Exercise goal
Among the entries below, extract exactly the lines that run from the one with "Статусы любимому мужчине." through the one with "105 Pleasant St Nw, Vienna, VA 22180", both ends included.
--- Records for the task Enclosed Below ---
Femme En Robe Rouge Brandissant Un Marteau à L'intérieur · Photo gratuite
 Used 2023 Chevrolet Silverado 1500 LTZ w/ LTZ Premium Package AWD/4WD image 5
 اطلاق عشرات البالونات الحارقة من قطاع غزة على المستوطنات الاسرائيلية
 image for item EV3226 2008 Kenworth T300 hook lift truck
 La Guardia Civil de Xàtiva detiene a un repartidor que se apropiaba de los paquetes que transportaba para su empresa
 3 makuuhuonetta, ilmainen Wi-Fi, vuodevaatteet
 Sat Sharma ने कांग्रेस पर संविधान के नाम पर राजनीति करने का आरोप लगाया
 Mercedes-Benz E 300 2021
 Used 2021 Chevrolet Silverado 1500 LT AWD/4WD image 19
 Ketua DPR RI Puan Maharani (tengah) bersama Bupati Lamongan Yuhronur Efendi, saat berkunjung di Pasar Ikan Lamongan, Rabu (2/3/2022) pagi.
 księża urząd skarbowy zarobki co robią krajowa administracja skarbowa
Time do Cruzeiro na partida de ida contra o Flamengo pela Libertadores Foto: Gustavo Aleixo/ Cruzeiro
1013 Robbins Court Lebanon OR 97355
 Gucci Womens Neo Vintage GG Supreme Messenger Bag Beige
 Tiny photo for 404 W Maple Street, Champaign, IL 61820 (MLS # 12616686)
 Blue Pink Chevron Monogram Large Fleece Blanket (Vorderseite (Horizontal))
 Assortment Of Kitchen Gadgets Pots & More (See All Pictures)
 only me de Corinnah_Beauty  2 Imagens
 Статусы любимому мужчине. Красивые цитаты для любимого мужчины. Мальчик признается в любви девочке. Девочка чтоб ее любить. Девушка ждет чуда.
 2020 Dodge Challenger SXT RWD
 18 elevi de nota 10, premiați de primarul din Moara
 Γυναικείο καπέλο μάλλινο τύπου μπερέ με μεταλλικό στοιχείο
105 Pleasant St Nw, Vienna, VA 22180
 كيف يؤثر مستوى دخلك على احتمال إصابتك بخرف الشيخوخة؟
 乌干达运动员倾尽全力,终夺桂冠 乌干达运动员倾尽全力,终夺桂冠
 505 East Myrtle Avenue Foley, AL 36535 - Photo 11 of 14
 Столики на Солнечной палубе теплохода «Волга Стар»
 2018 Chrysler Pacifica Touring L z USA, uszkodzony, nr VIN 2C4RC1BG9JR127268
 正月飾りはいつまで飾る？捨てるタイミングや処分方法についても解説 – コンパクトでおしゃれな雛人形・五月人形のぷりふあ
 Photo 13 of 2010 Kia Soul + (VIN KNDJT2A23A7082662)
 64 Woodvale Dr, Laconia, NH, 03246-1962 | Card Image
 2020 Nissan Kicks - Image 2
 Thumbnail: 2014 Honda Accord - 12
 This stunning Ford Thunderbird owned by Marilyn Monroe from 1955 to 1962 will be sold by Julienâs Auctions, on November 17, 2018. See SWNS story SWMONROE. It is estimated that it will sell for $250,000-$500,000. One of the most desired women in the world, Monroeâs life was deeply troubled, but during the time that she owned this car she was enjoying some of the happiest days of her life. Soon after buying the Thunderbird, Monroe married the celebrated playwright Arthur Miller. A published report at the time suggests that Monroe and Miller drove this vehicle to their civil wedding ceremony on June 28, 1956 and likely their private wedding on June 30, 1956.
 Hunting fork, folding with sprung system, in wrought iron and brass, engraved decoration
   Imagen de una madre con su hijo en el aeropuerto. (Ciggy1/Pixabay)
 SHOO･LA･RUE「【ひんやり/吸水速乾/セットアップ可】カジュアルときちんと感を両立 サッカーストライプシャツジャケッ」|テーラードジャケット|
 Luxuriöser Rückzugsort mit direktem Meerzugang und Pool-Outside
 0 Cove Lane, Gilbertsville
--- End of Enclosed Records for the task ---
Expected answer
 Статусы любимому мужчине. Красивые цитаты для любимого мужчины. Мальчик признается в любви девочке. Девочка чтоб ее любить. Девушка ждет чуда.
 2020 Dodge Challenger SXT RWD
 18 elevi de nota 10, premiați de primarul din Moara
 Γυναικείο καπέλο μάλλινο τύπου μπερέ με μεταλλικό στοιχείο
105 Pleasant St Nw, Vienna, VA 22180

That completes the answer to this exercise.